Mahkamah menilai pemohon tidak jelas dalam menerangkan kedudukan hukumnya. Dalam permohonannya, pemohon sebatas menginfokan dirinya sebagai sarjana hukum yang bertugas di DPP Front Pribumi. "Ditambah lagi ada frasa sendiri maupun bersama dalam penjelasan kedudukan hukum. Ini membuat menjadi tak jelas siapa yang dimaksud dalam frasa tersebut," jelas Hakim Konstitusi Manahan M.P. Sitompul membacakan pertimbangan hukum.
Selain itu, Aswanto menyebut tak ada koherensi antara maksud permohonan pemohon dengan hasil jika permohonan dikabulkan. Pemohon meminta agar calon kepala daerah yang melakukan perbuatan tercela tidak bisa maju ikut pilkada. Tetapi di sisi lain, pemohon meminta MK pasal yang diujikan dinyatakan bertentangan dengan konstitusi. "Padahal pasal tersebut justru mengatur calon pilkada tidak boleh melakukan perbuatan tercela," tegasnya.

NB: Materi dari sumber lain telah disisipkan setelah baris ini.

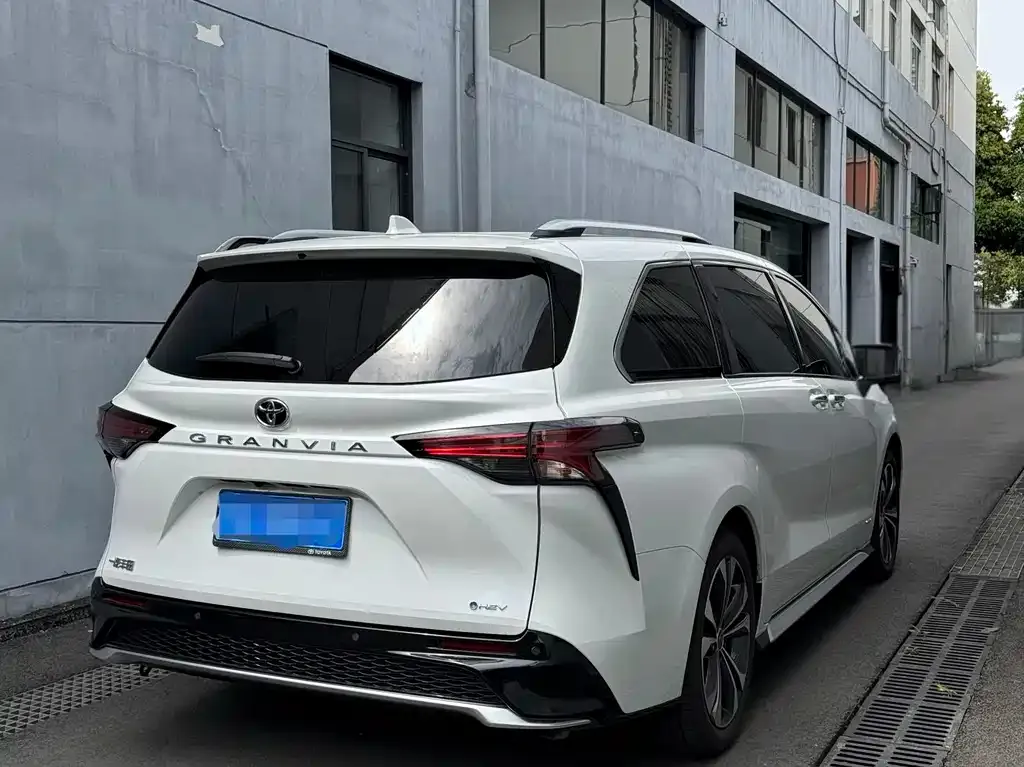 Toyota Granvia — фото 4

Aswanto juga menjelaskan pihaknya tidak mentolerir keterlambatan perbaikan permohonan. Dalam perkara tersebut, MK memakai permohonan awal yang telah diterima. Pemohon memasukkan perbaikan permohonan pada 1 Februari 2017, padahal tenggat waktu adalah tanggal 30 Januari 2017.
Pemohon adalah Suta Widya. Ia memandang kepala daerah yang pernah melakukan perbuatan tercela tidak patut untuk menjadi peserta pilkada. Jika calon kepala daerah pernah melakukan perbuatan tercela, hal tersebut sangal kontradiktif dengan semangat bela negara. Menurut pemohon, salah satu calon gubernur DKI Jakarta pernah melakukan perbuatan penistaan terhadap agama.
Tindakan tersebut, menurut pemohon, merupakan salah satu bentuk perbualan tercela dan sudah sepatutnya mengundurkan diri dari keikutsertaannya sebagai calon gubernur DKI Jakarta. Jika tetap melanjutkan keikutsertaannya dalam pilkada, ia menilai hal tersebut bertentangan dengan Pasal 27 ayal (1) dan (2) UUD 1945.